Психоаналитическая спекуляция берет своей отправной точкой впечатление, полученное при исследовании бессознательных процессов, а именно тот факт, что сознание не является наиболее общей чертой психических процессов, а, может быть, представляет собой только их особую функцию. Пользуясь метапсихологической терминологией, психоанализ утверждает, что сознание есть работа особой системы, которую он называет СЗ. Так как сознание в основном дает восприятие раздражений, идущих от внешнего мира, а также ощущения удовольствия и неудовольствия, которые могут исходить лишь из глубины психического аппарата, системе В – СЗ может быть отведено пространственное положение. Она должна находиться на границе внешнего и внутреннего, быть обращенной к внешнему миру и облекать другие психические системы. Заметим при этом, что мы не высказали чего-либо совершенно нового, а лишь примкнули к локализирующей анатомии мозга, которая помещает сознание в мозговую кору – во внешний, облекающий слой центрального органа. Анатомии мозга нечего задумываться над вопросом, почему – говоря анатомически – сознание помещено как раз на поверхности мозга, а не находится где-нибудь хорошо укрытым в самых его глубинах. Может быть, мы лучше будем ориентироваться в этой ситуации, разбирая нашу систему В – СЗ.

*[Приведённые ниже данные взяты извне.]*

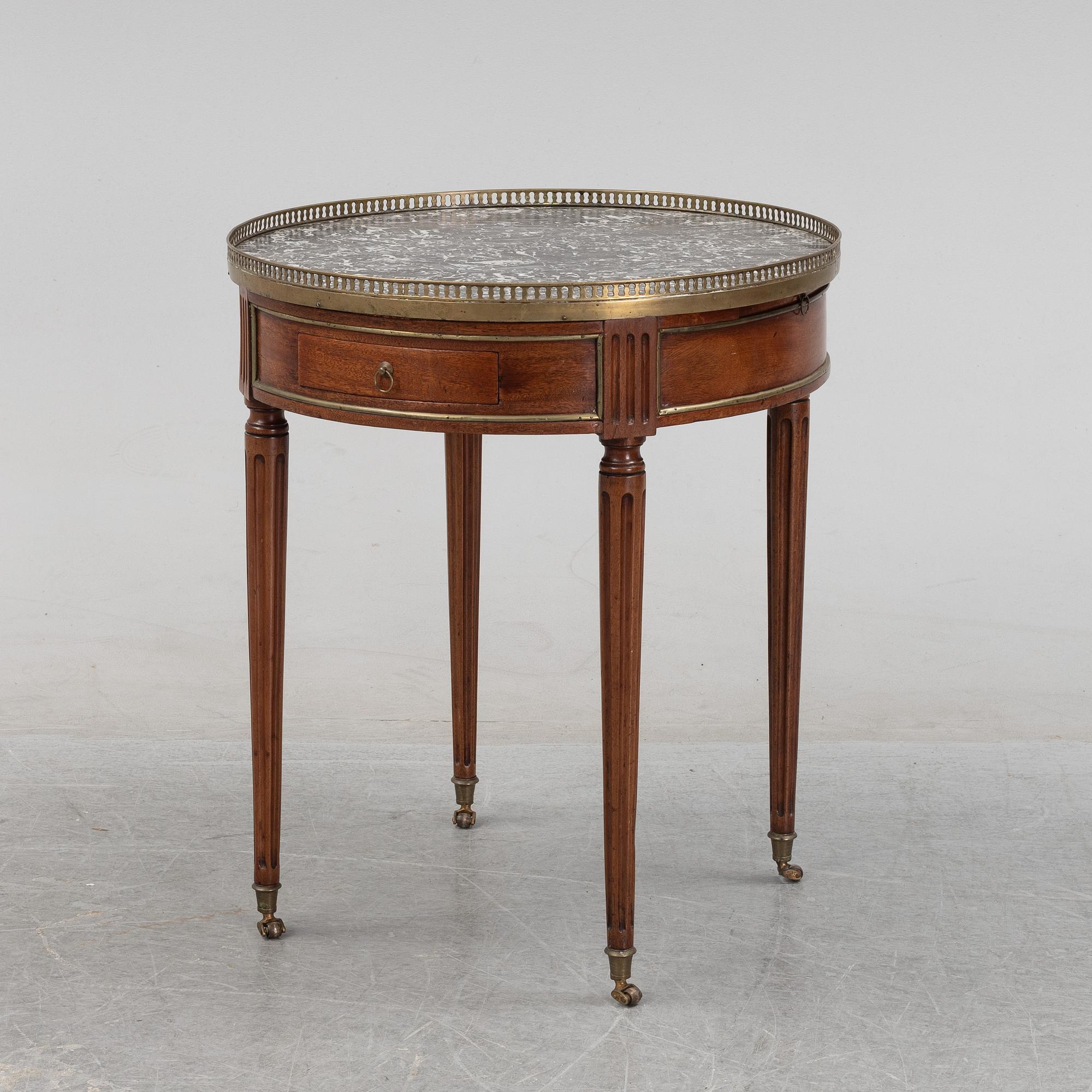 A Louis XVI-style table end of the  19th Century.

Сознание является не единственным свойством, которое мы приписываем процессам, происходящим в этой системе. Опираясь на впечатления нашего психоаналитического опыта, мы предполагаем, что все процессы раздражения в других системах оставляют в них длительные следы как основу памяти, иными словами – остатки воспоминаний, не имеющих ничего общего с осознанием. Сильнее и прочнее всего они сказываются часто тогда, когда вызвавший их процесс никогда не доходил до сознания. Но нам трудно поверить, чтобы такие длительные следы раздражения могли возникать и в системе В – СЗ. Если бы они всегда оставались сознательными, то очень скоро ограничили бы пригодность системы к восприятию новых раздражений[10]; в другом случае, если бы они были бессознательны, то поставили бы перед нами задачу объяснить существование бессознательных процессов в системе, функционирование которой обычно сопровождается феноменом сознания. Нашей гипотезой, которая делает осознание принадлежностью особой системы, мы, так сказать, ничего бы не изменили и ничего не выиграли. Хотя такое соображение и не вполне надежно, оно все же заставляет нас подозревать, что осознание и оставление следа в памяти являются процессами, несовместимыми в одной и той же системе. Мы могли бы тогда сказать, что в системе СЗ процесс раздражения делается сознательным, но не оставляет длительного следа; все его следы, на которые опирается воспоминание, получаются при продвижении раздражения в следующие внутренние системы. В этом смысле набросана и та схема, которую я прибавил к спекулятивному разделу моего «Толкования сновидений» в 1900 году. Если принять во внимание, как мало мы знаем о возникновении сознания из других источников, то тезис, что сознание возникает на месте следа воспоминания, имеет хоть то значение, что представляет собой нечто сколько-нибудь определенное.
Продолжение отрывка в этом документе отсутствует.